Over the summer I wrote up a bit of material laying out a (very general) theory of formal algebraic spaces for the Stacks project. The idea is to work initially with very general objects and then for later results impose those conditions that make the arguments work (similarly to what is done for algebraic spaces and algebraic stacks in the Stacks project). As is often the case when you work through a new subject some natural very basic questions arise which I am unable to answer.

This paragraph is for motivation only and you can skip it. Let X be a scheme and let Z ⊂ X be a closed subset. The completion of X along Z is the functor which associates to a scheme T the set of morphisms f : T —> X such that f(T) ⊂ Z set theoretically.
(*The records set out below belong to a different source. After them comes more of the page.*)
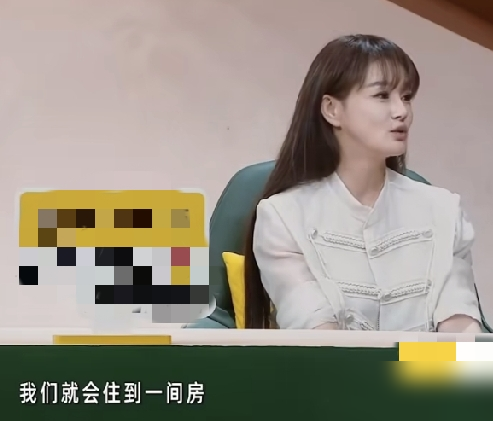 拳王邹市明的老婆冉莹颖，居然亲口承认，要搬家和老公重新同居了。这俩人，一个前世界拳王，一个北大高材生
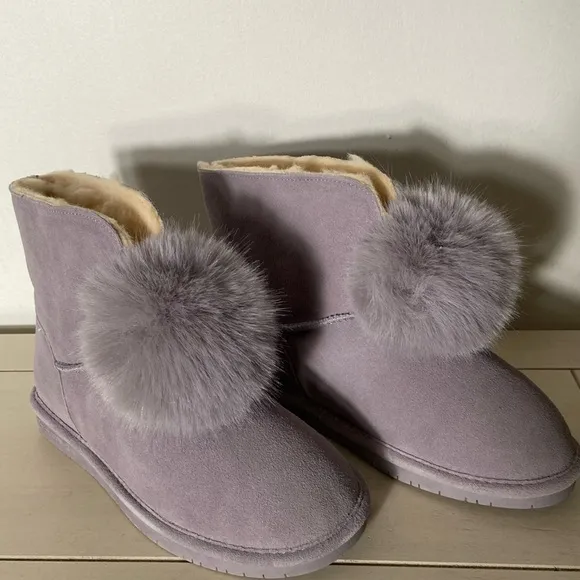 Bearpaw Women's Boots Suede Pom Pom Boot With Rain Repellent Liv Wisteria 9.5M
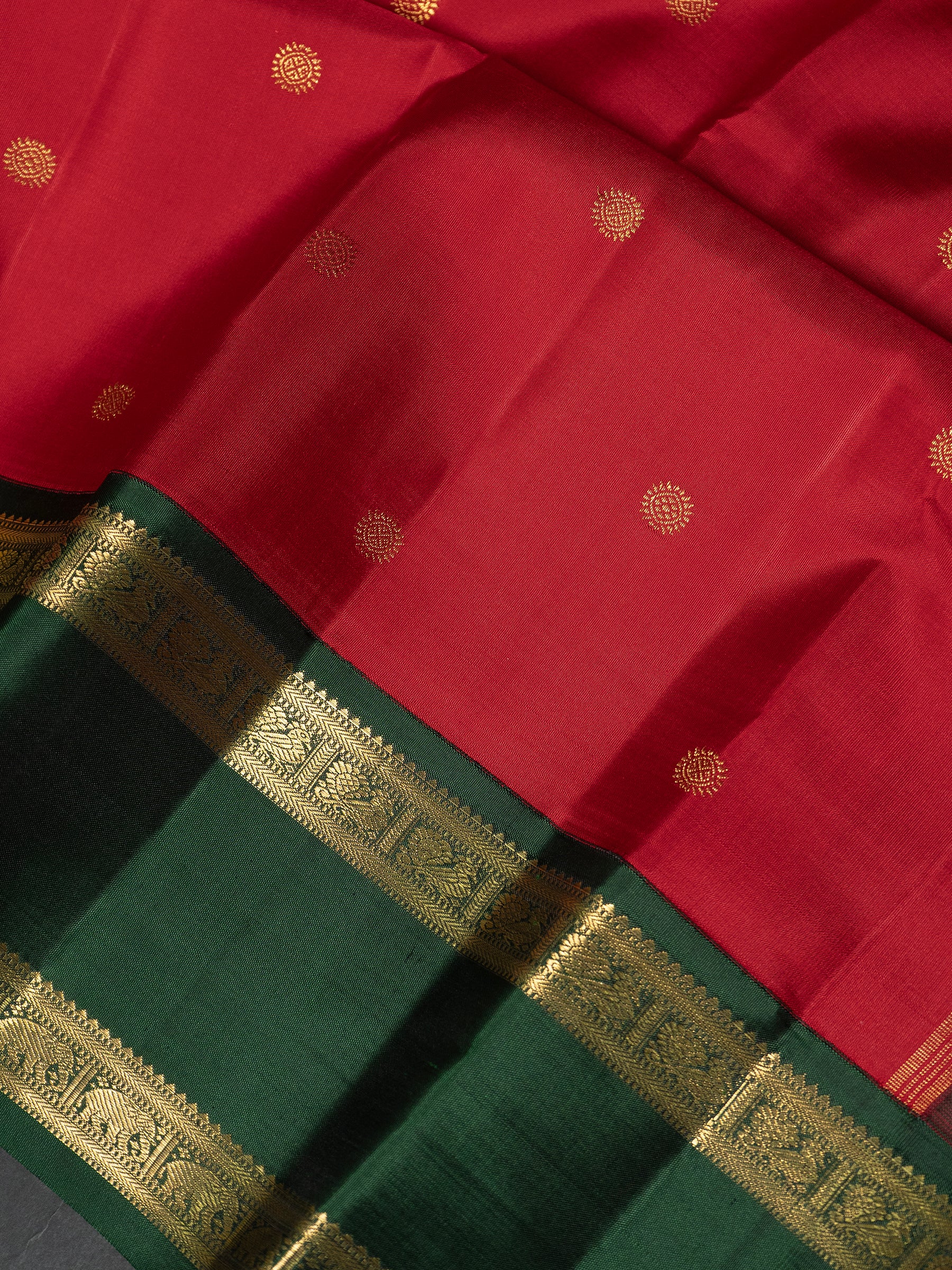 Vintage red and green rettapet border kai korvai/ Kanjipuram Saree CLSA10139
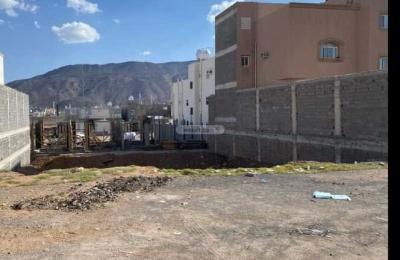 Land 600 SQM Facing North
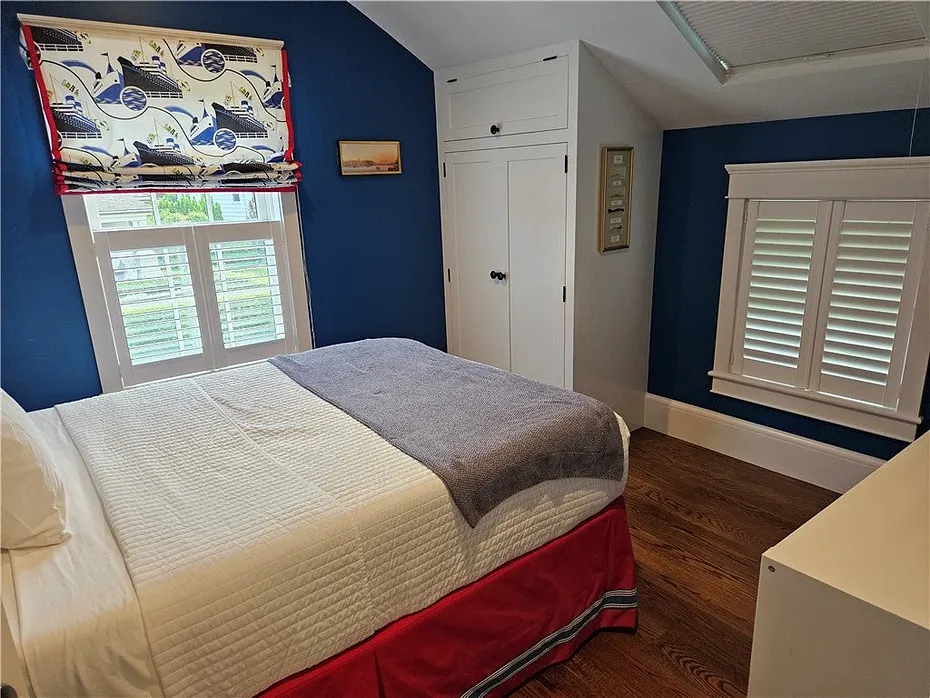209 Coggeshall Avenue Photo 39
My question is whether one has “countably indexed => adic*” for such a completion.

In terms of algebra this means the following. Let A be a ring and let I ⊂ A be a radical ideal. Assume there is a countable family

I ⊃ J_1 ⊃ J_2 ⊃ J_3 ⊃ …

of ideals with V(I) = V(J_n) such that for every ideal I ⊃ J with V(I) = V(J) we have J ⊃ J_n for some n. In other words, the partially ordered set of closed subschemes of \Spec(A) supported on Z = V(I) has a countable cofinal subset. Let’s write A^* = \lim A/J_n as a topological ring endowed with the limit topology.

Is there a finitely generated ideal 𐌹 ⊂ A^* such that the powers of 𐌹 form a fundamental system of open neighbourhoods of 0? In other words, is A^* an adic topological ring which has a finitely generated ideal of definition?

Now that I state it like this, it seems this cannot possibly be true. But I haven’t found a counter example. Have you?

PS: I love gothic letters… 𐌰 𐌱 𐌲 𐌳 𐌴 𐌵 𐌶 𐌷 𐌸 𐌹 𐌺 𐌻 𐌼 𐌽 𐌾 𐌿 𐍀 𐍁 𐍂 𐍃 𐍄 𐍅 𐍆 𐍇 𐍈 𐍉 𐍊

Edit Sept 12, 2014. Just got a note from Gabber where he shows that the answer is yes when I is the radical of a countably generated ideal and that there is a counter example in general.